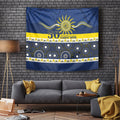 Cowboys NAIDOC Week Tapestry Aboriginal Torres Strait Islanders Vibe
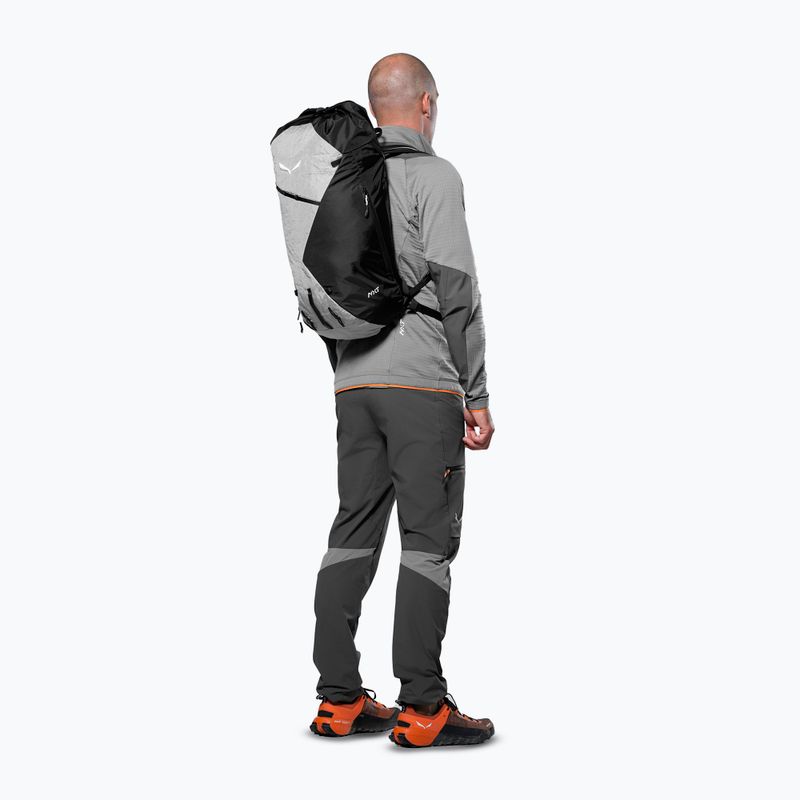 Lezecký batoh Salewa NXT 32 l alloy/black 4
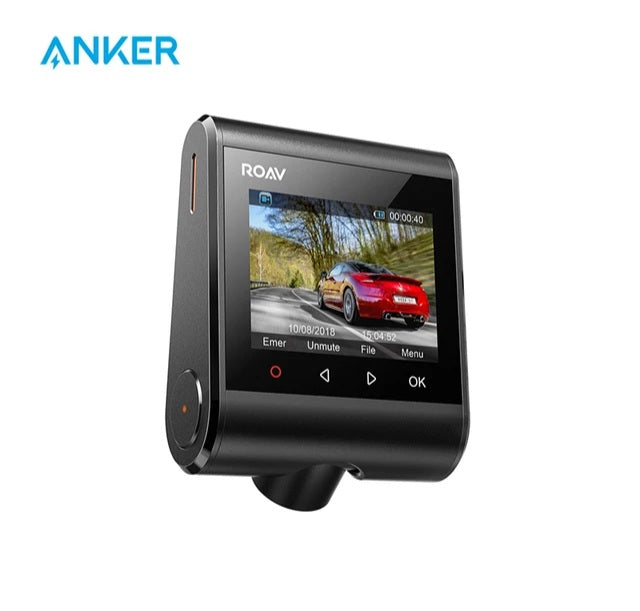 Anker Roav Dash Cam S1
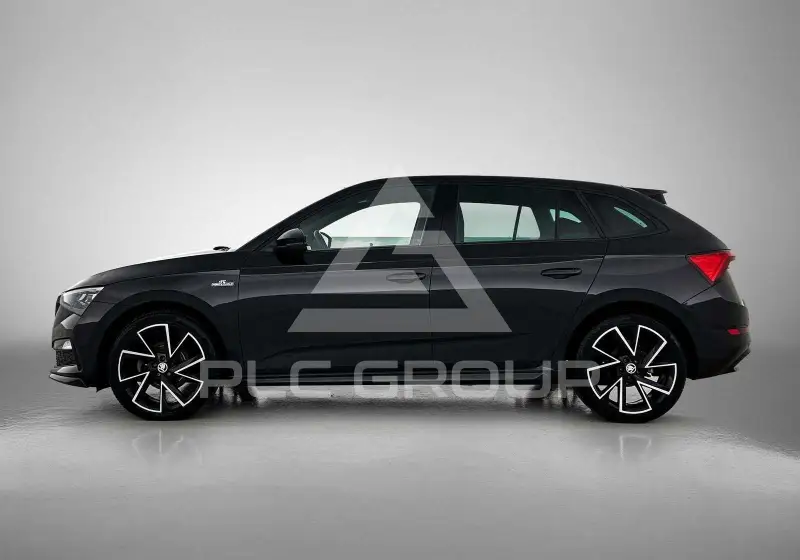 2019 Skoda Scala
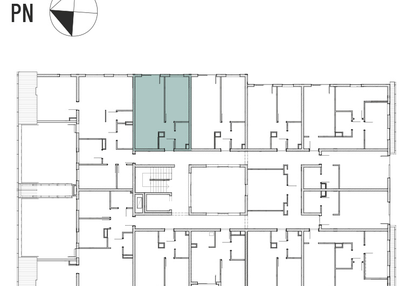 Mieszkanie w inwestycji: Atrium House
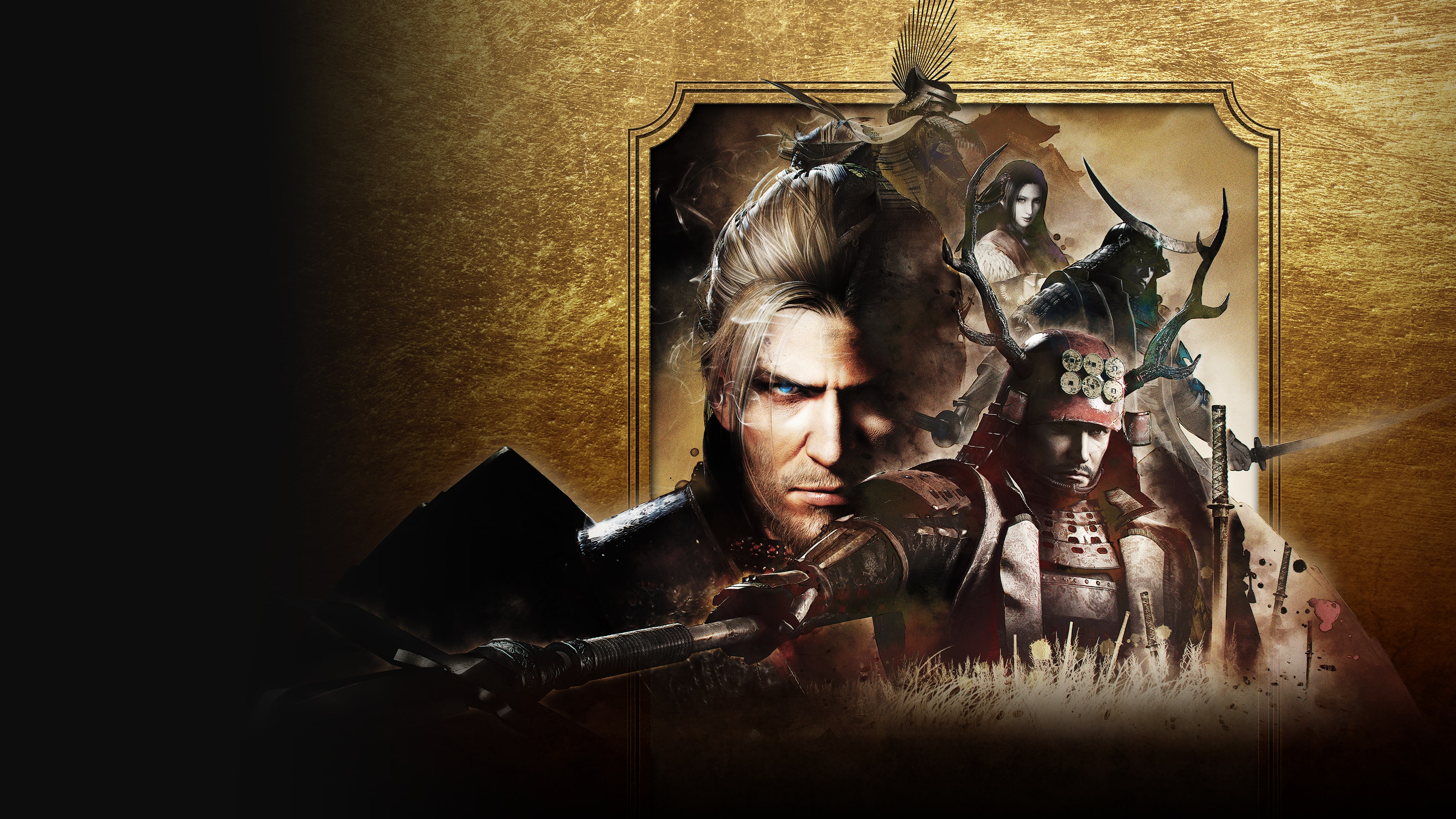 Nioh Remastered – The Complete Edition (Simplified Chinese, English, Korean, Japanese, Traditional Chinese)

§ REQUIRED WORK: The copy should hold exactly the lines from the line containing "2019 Skoda Scala" through the last line of the records, both included, and no pictures or other lines.

§ WRITTEN SOLUTION:
 2019 Skoda Scala
 Mieszkanie w inwestycji: Atrium House
 Nioh Remastered – The Complete Edition (Simplified Chinese, English, Korean, Japanese, Traditional Chinese)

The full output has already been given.